Pakistan is in the news - not least because of the violence leading up to the elections. H.L Mencken told us that "for every complex problem there is an answer that is clear, simple, and wrong." Sometimes something happens and we're hit between the eyes not only with complexity but with a sense of both urgency and humility. Last month I traveled to Pakistan as part of a UPIC (US-Pakistan Interreligious Consortium) delegation led by the Reverend Robert Chase who runs a remarkable project -- Intersections International - which is part of the Collegiate Church of New York.
My involvement came through a sponsoring organization called Convergence, a bi-partisan group centered in Washington DC. Before I went to Pakistan, I thought I was reasonably informed. Now that I've had an absurdly short but intense five days there, I find that I know even less, except for two things: one, how intensely tribal human beings are, not least those who wouldn't admit to belonging to a tribe at all; and two, there is no substitute for personal contact and one-on-one relationships.
Not very profound insights in themselves but significant nevertheless, because my sense of tribe was greatly extended through finding new friends. The intense tribalism on the planet is fed by the lust for power by means of violence and death. But there's a countervailing "tribalism" which is convinced that if we are to survive and flourish we'd better realize that there really is only one tribe, one ethnic group and that's all of us. That surviving and flourishing will involve more and more of us in the pursuit of justice and peace.
I found myself in Islamabad sitting next to the scariest looking Muslim in the room (given my prejudices and assumptions - surely modeled on Osama Bin Laden - white turban and dress -- suitable for hiding a weapon?). He had a large beard and an intense presence. I found out he was born in Bolton in the UK and now lives in Maryland where he has a farm, a body shop and an Islamic center. We hit is off right away and have become good friends. He is spiritually grounded and intellectually critical and we found that our approach to the great mystery of our different (but not so different) traditions were, in crucial respects, not so much sympathetic as identical.

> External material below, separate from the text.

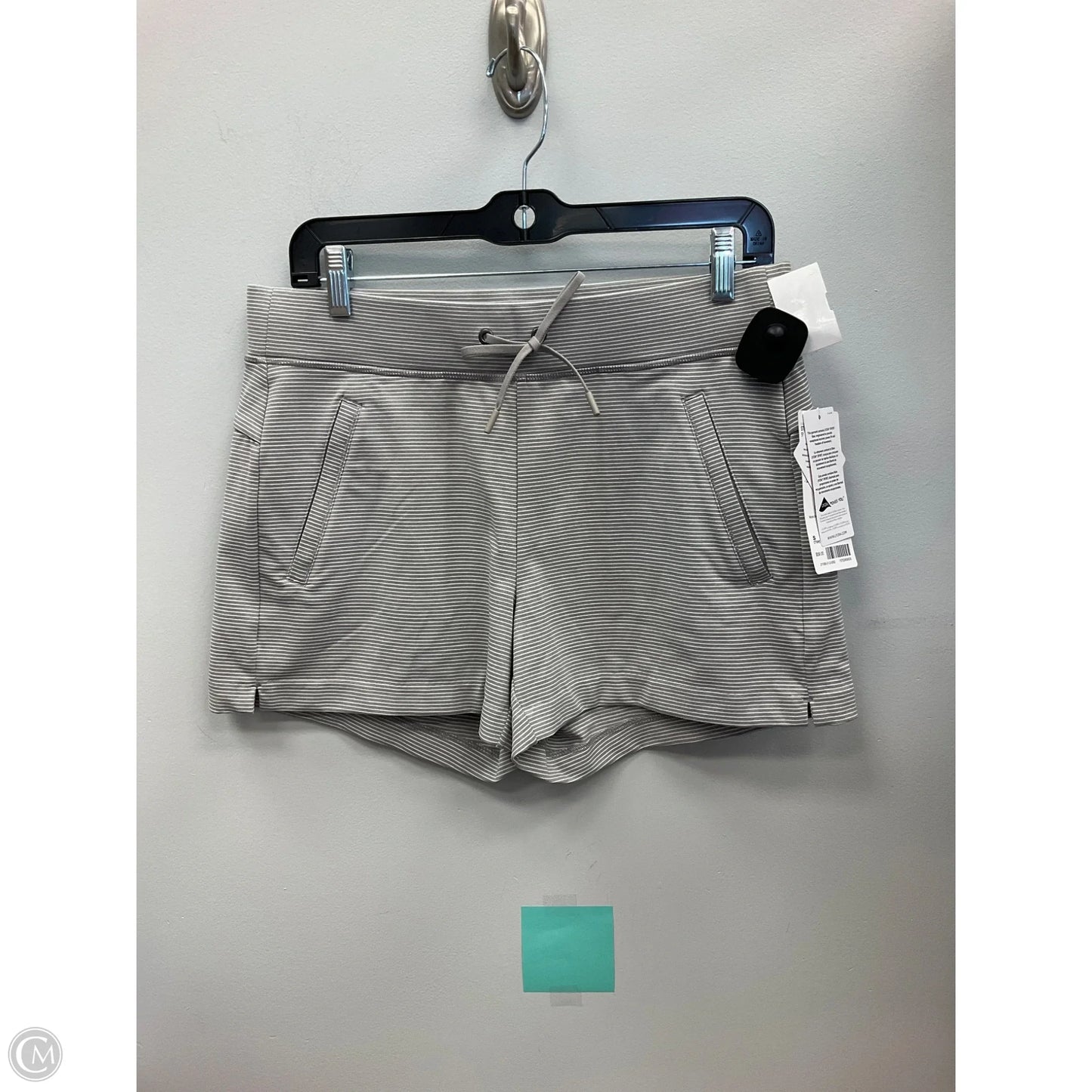 Athletic Shorts By Athleta In Striped Pattern, Size: S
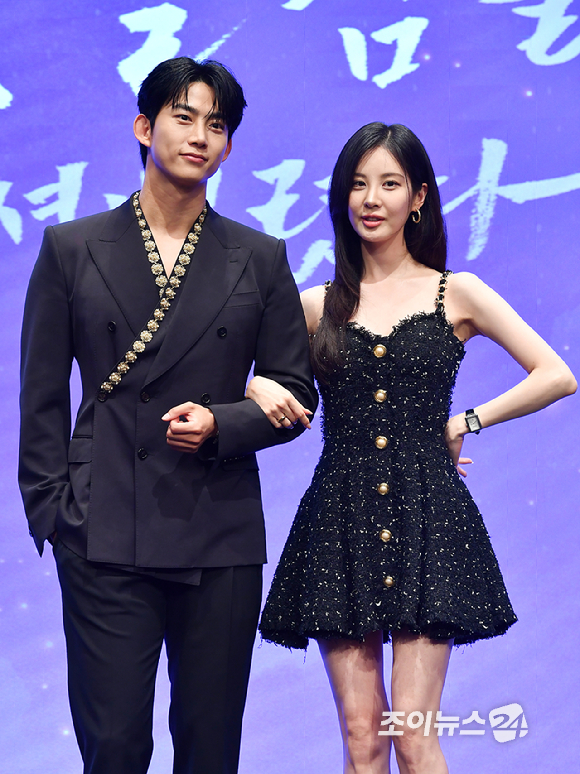 그룹 2PM 옥택연, 소녀시대 서현이 11일 오후 서울 구로구 신도림동 더세인트에서 진행된 KBS2 새 수목드라마 '남주의 첫날밤을 가져버렸다' 제작발표회에 참석해 포즈를 취하고 있다. [사진=문수지 기자]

I came away with two basic insights - one discouraging, the other bright with promise. First, the discouraging part. In some ways Pakistan is a basket-case of a nation. Public opinion polls reveal much that is neurotic and paranoid (not unlike other nations we might mention nearer home). One of our hosts - a distinguished academic - outlined for us the perceptions many Pakistanis have of us. There is overwhelming anti-American feeling revealed in the polls in Pakistan (it wasn't always so) Why? There are deep problems of perception that have been internalized.
Many are convinced that the War on Terror is really a War on Islam. Moreover this war is being encouraged by a deep conspiracy of Jews and Christians. The US government is not to be trusted because the US wants to break up Pakistan and take control of Pakistan's assets (the nuclear issue). Finally, the US wants to impose India's hegemony over Pakistanis. All of the Pakistani delegates agreed with the analysis but also insisted that the perception was distorted - a caricature.
The encouraging insight was our interaction with Pakistani university students and faculty both in Islamabad and Lahore - particularly the women, who were passionate, critical, articulate and energized. What was particularly striking was their clear and biting honesty both about their own country and their severe critique of the appalling ignorance of what is going on in the world and in our name on the part of the US populace.
Alasdair McIntyre some years ago in an essay "How to be a North American" wrote: "We become people one of whose aims is to make sure that we please others, so that they are pleased at being pleased by us. And this wanting to be liked is one of the great American vices that emerges from this refusal of particularity and conflict. Americans tend under the influence of this vice to turn into parodies of themselves - smiling, earnest, very kind, generous, nice people, who do terrible things quite inexplicably. We become people with no depth, no depth of understanding, masters of technique and technology, but not of ourselves." Colonel Tuan of the Republic of Vietnam once called Americans well-disciplined and generous but a people without a culture. He was not referring to high culture McIntyre commented,, "He meant that he could not recognize what it was about them that made them Americans in the way that he was Vietnamese. And I think that is what happens to people with no story to tell themselves, people who do not confront their future as a narrative future. They, or rather we, become superficial people, people with surfaces, public relations people."
It struck me that these young Pakistanis were speaking from the point of view of a culture - a culture to be sure that was being challenged by change but a culture nevertheless. Where to begin? It might seem rather thin simply to affirm that there are now strong ties and friendships between members of the two delegations. But these relationships are strengthened by a deep commitment to go on meeting both here and in Pakistan; and not only to meet but to work on projects which will build bridges between our two countries.
It isn't as if we have to start from scratch. There is already a strong corps of Pakistani-Americans who are dedicated bridge-builders. What comes through when I reflect on my trip to Pakistan is my conviction of the urgency of a new vision for humanity. How can the best of religion be galvanized for the common good? One of my colleagues at the seminary where I taught for many years, often used this aphorism: "Don't let the demons set the agenda." It seems to me that this is a good injunction for our age both in our country and in our relations with others. It's time to jump into the complexity of things with a sense of urgency, humility and humor and realize that there is, in the end, only one ethnic group, only one human race.